**TO DO:**
Using the data beneath this instruction, retype only the lines from the one that contains "Brini Ribbon Golji" down to the one that contains "Luxury 8-Seater Black", both included, exactly as they appear.

**GIVEN RECORDS:**
+++
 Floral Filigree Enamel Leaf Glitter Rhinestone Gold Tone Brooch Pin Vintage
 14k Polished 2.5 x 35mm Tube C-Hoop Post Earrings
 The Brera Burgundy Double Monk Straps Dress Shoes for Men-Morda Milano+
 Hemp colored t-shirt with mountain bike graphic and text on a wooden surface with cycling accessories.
+++
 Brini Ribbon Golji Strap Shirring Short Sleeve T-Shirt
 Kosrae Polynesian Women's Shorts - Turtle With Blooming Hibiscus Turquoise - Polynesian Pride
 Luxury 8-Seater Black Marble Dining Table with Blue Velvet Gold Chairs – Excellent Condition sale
+++
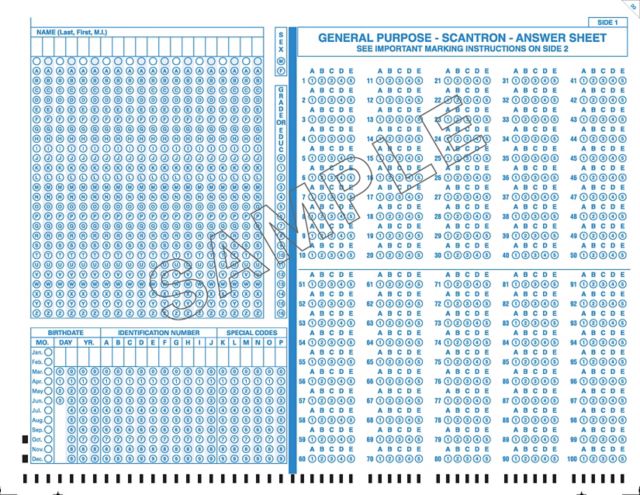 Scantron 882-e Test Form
+++
**RESULT OF THIS TASK:**
 Brini Ribbon Golji Strap Shirring Short Sleeve T-Shirt
 Kosrae Polynesian Women's Shorts - Turtle With Blooming Hibiscus Turquoise - Polynesian Pride
 Luxury 8-Seater Black Marble Dining Table with Blue Velvet Gold Chairs – Excellent Condition sale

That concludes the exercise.